The present invention relates to an electromagnetic relay using a permanent magnet.
Various types of electromagnetic relays using permanent electromagnets are known. FIGS. 1 and 2 show one such conventional electromagnetic relay. Referring to these figures, holding portions 12 and 13 are formed at a predetermined distance on a substrate 11. Proximal ends 141 and 151 of movable contact pieces 14 and 15 extend through the holding portion 12 to be held thereby. Similarly, proximal ends 161 and 171 of movable contact pieces 16 and 17 extend through the holding portion 13 to be held thereby. Movable contacts 142 and 152 are formed on the pair of movable contact pieces 14 and 15 to oppose each other. Similarly, movable contacts 162 and 172 are formed on the pair of movable contact pieces 16 and 17 to oppose each other. Stationary contacts 18 and 19 are arranged at predetermined distances between the corresponding pairs of contacts 142 and 152 and of contacts 162 and 172, respectively. The stationary contacts 18 and 19 are arranged on terminals 181 and 191, respectively, proximal ends whereof extend through a holding portion 20 formed on the substrate 11.

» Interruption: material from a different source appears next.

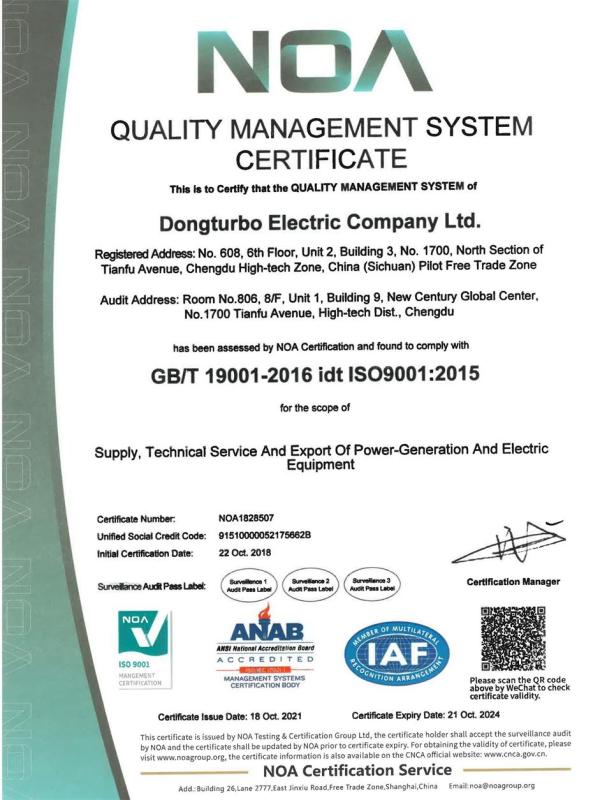 ISO9001 - Dongturbo Electric Company Ltd.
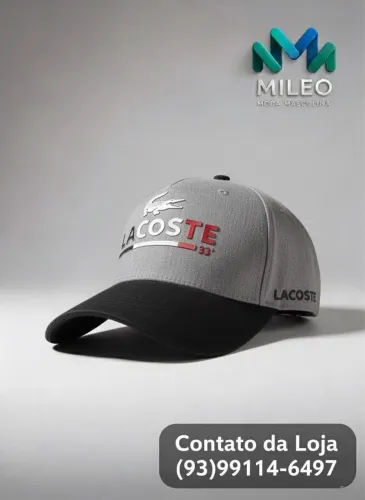Boné Lacoste Cinza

A pivotal plate 21 is mounted on the substrate 11. The pivotal plate 21 comprises an arm 211 and a leg 212, forming an overall T shape. A through hole 213 is formed at the center of the pivotal plate 21 and receives a pin 22 extending upright from the substrate 11. Therefore, the pivotal plate 21 is pivotal about the pin 22 in the direction indicated by arrows A and B. A movable member 23 is mounted at the distal end of the leg 212. The movable member 23 comprises a permanent magnet 24 and iron pieces 25 and 26 whose proximal ends abut against the poles of the permanent magnet 24. Projections 214 and 215 are formed on two ends, respectively, of the arm 211. The projections 214 and 215 are respectively located between the movable contact pieces 14 and 15 and the movable contact pieces 16 and 17. As the pivotal plate 21 pivots, the projections 214 and 215 drive the movable contact pieces 14 and 15 and the movable contact pieces 16 and 17, respectively.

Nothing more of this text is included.